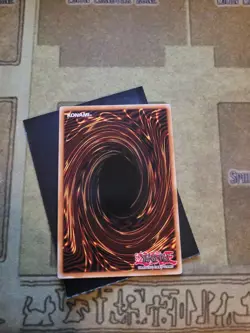 YUGIOH ELEMENTAL HERO NOVA MASTER GENF-EN093 ULTRA UNLIMITED ED NM - Image 3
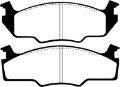 Picture of EBC 80-84 Volkswagen Golf 1-6 Ultimax2 Front Brake Pads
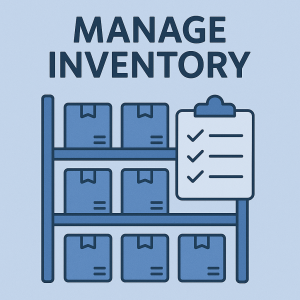 manage amazon inventory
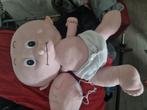 Geboorte knuffel voor tegen het raam, Ophalen of Verzenden, Gebruikt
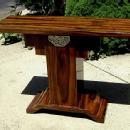 CLASSIC Art Deco inspired magnificent console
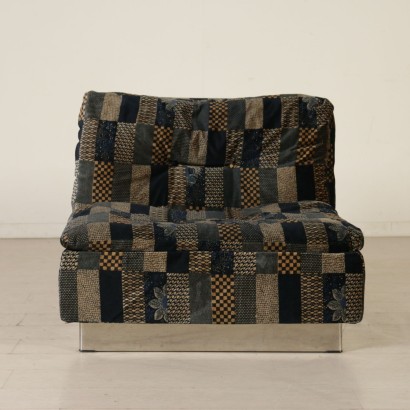 modernariato, modernariato di design, divano, divano modernariato, divano di modernariato, divano italiano, divano vintage, divano anni '70, divano design anni 70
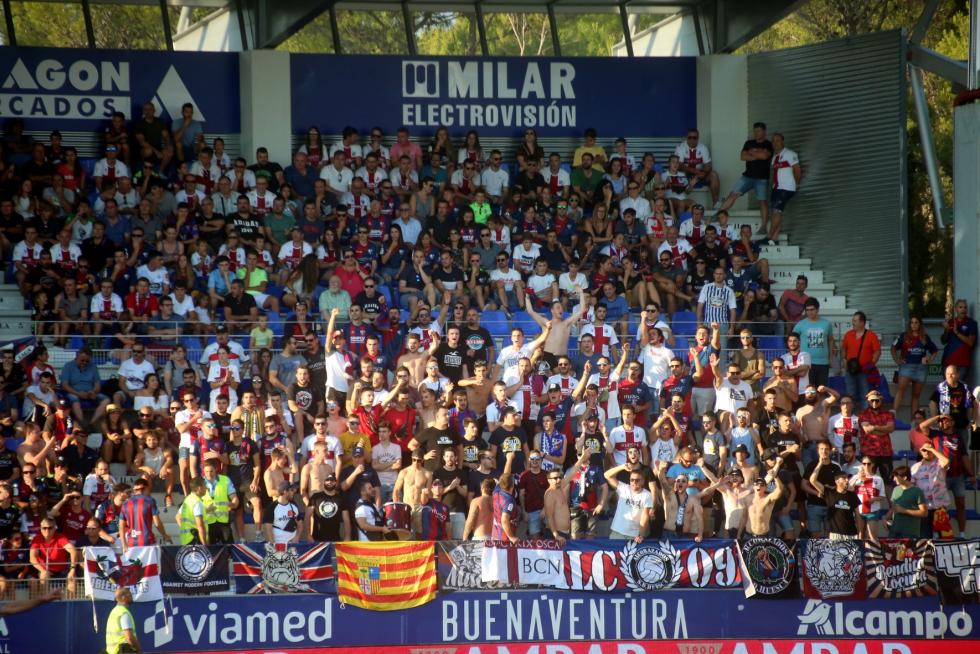 Huesca - Deportivo de la Coruña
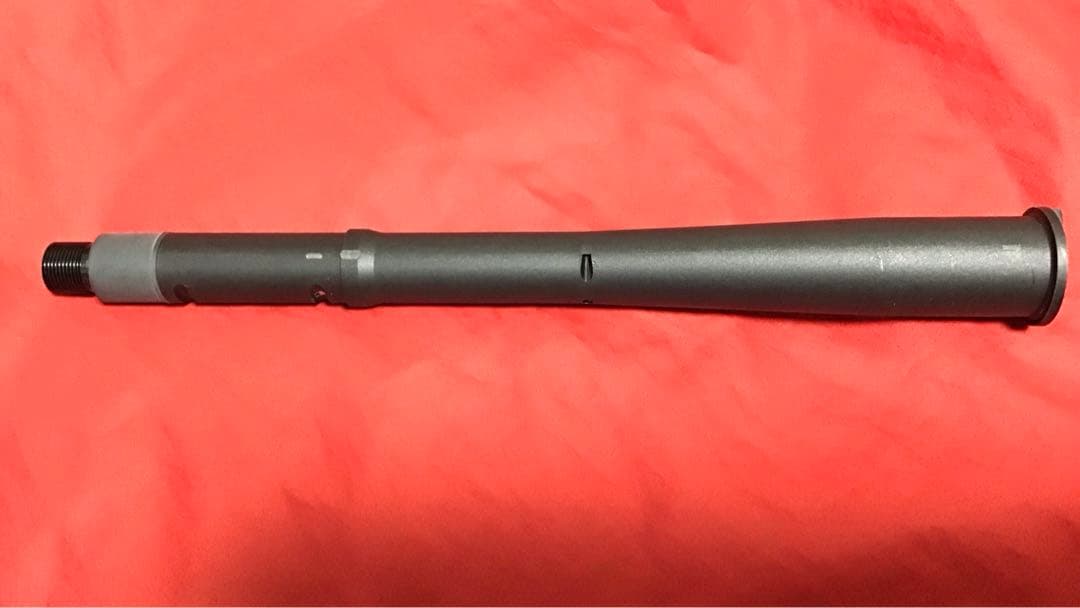 タニオコバ製　KOBA M4 モデルガン用10.5インチバレル　新品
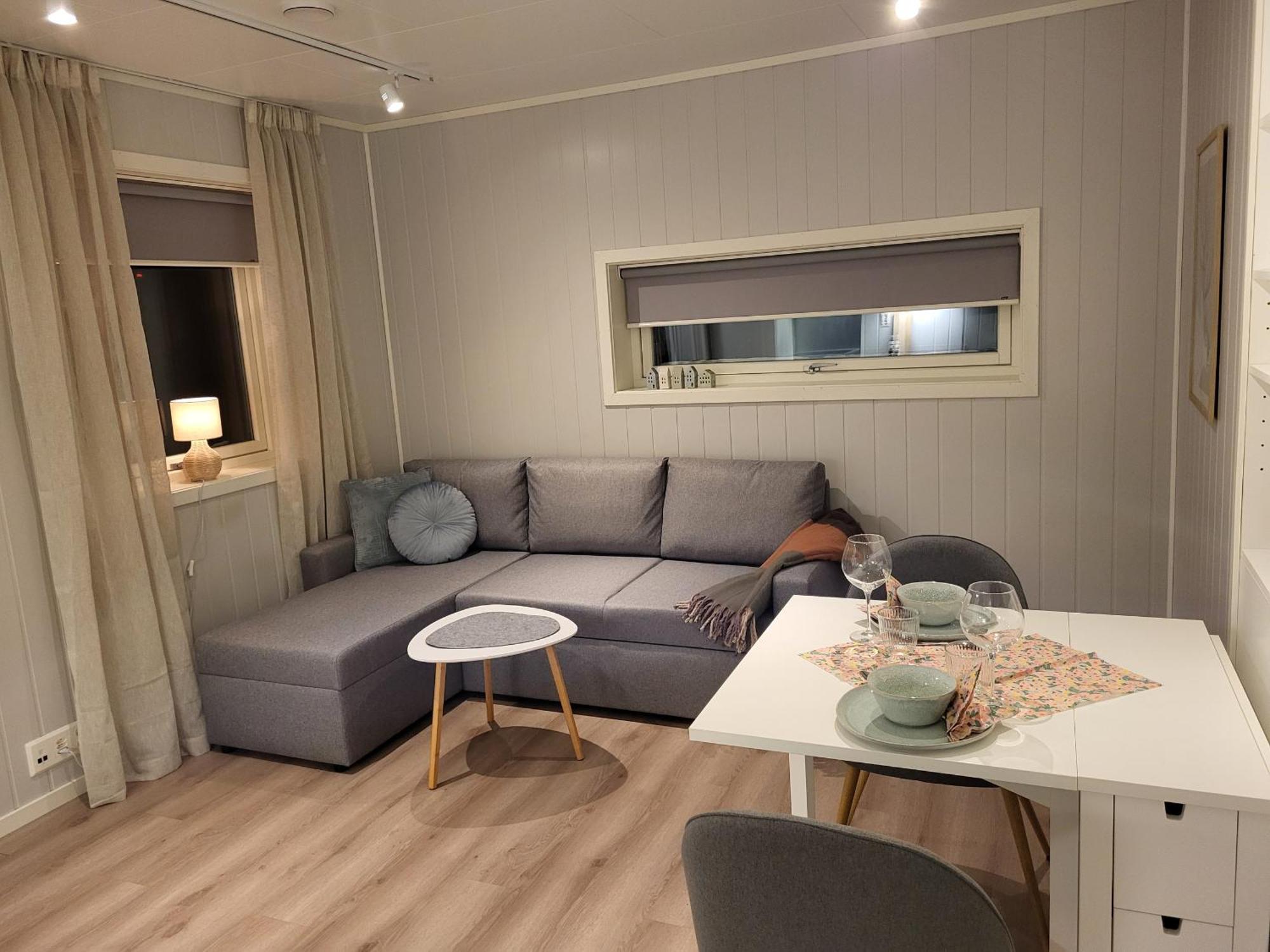Kvaloya, I Hakoybotn Apartment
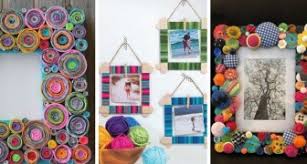 Visualizza altre idee su cornici, idee, fai da te e hobby. 12 Trovate Brillanti Per Creare E Decorare Cornici Fai Da Te Con Materiali Di Riciclo E Non Solo Creativo Media
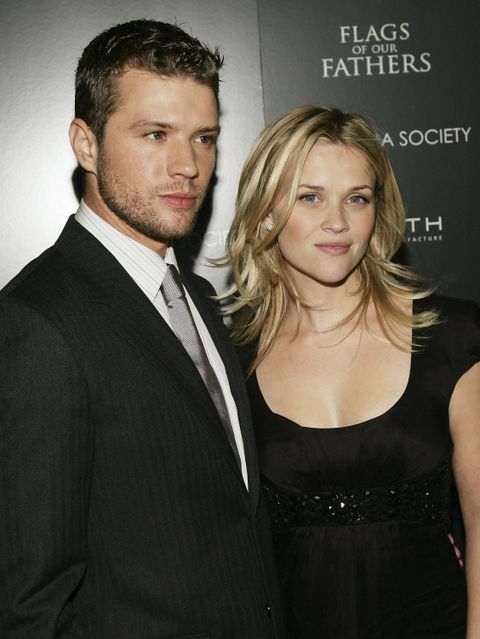 Reese Witherspoon &amp; Ryan Phillippe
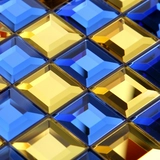 Хрустальная стеклянная мозаика бесшовная шлифовальная зеркальная барная барная комната Дом гостиная крыльца телевизор Фоновая стена стена наклейка плитка клей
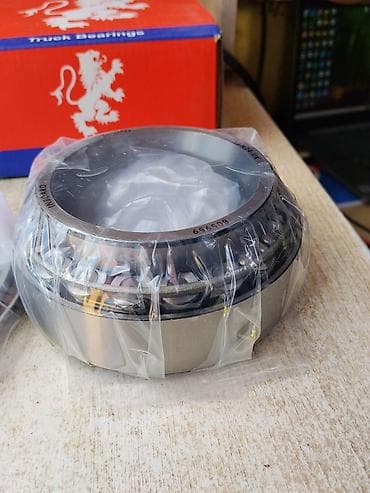 Подшипники: Комплект ступичных подшипников для грузовиков Pollard Bearings — 3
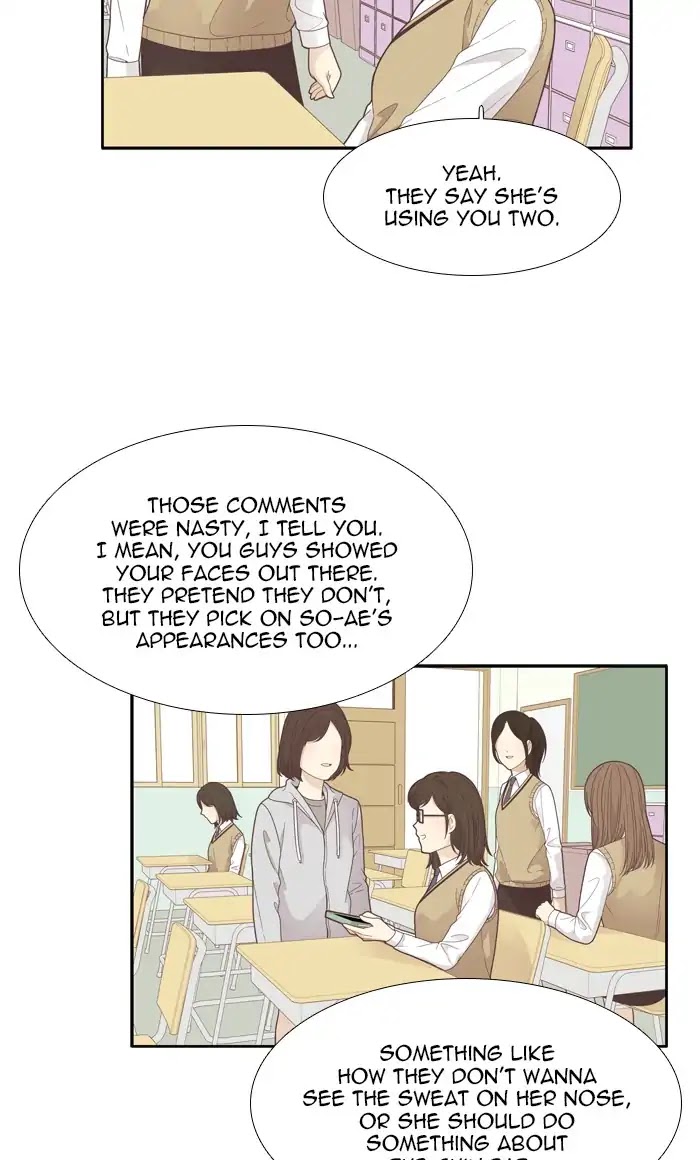 Girl's World Chapter 185 page 39 - Chapter 185: So-Ae Tube (3)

━━━━━━━━━━━━━━━━━━━━━━━━━━━━━━

Exercise objective »
Nothing but the lines from the one with "manage amazon inventory" up to and including the one with "Reese Witherspoon &amp; Ryan Phillippe" should be printed, exactly as they read above. Please keep the pictures out.

Output of the task »
 manage amazon inventory
 Geboorte knuffel voor tegen het raam, Ophalen of Verzenden, Gebruikt
 CLASSIC Art Deco inspired magnificent console
 modernariato, modernariato di design, divano, divano modernariato, divano di modernariato, divano italiano, divano vintage, divano anni '70, divano design anni 70
 Huesca - Deportivo de la Coruña
 タニオコバ製　KOBA M4 モデルガン用10.5インチバレル　新品
Kvaloya, I Hakoybotn Apartment
 Visualizza altre idee su cornici, idee, fai da te e hobby. 12 Trovate Brillanti Per Creare E Decorare Cornici Fai Da Te Con Materiali Di Riciclo E Non Solo Creativo Media
 Reese Witherspoon &amp; Ryan Phillippe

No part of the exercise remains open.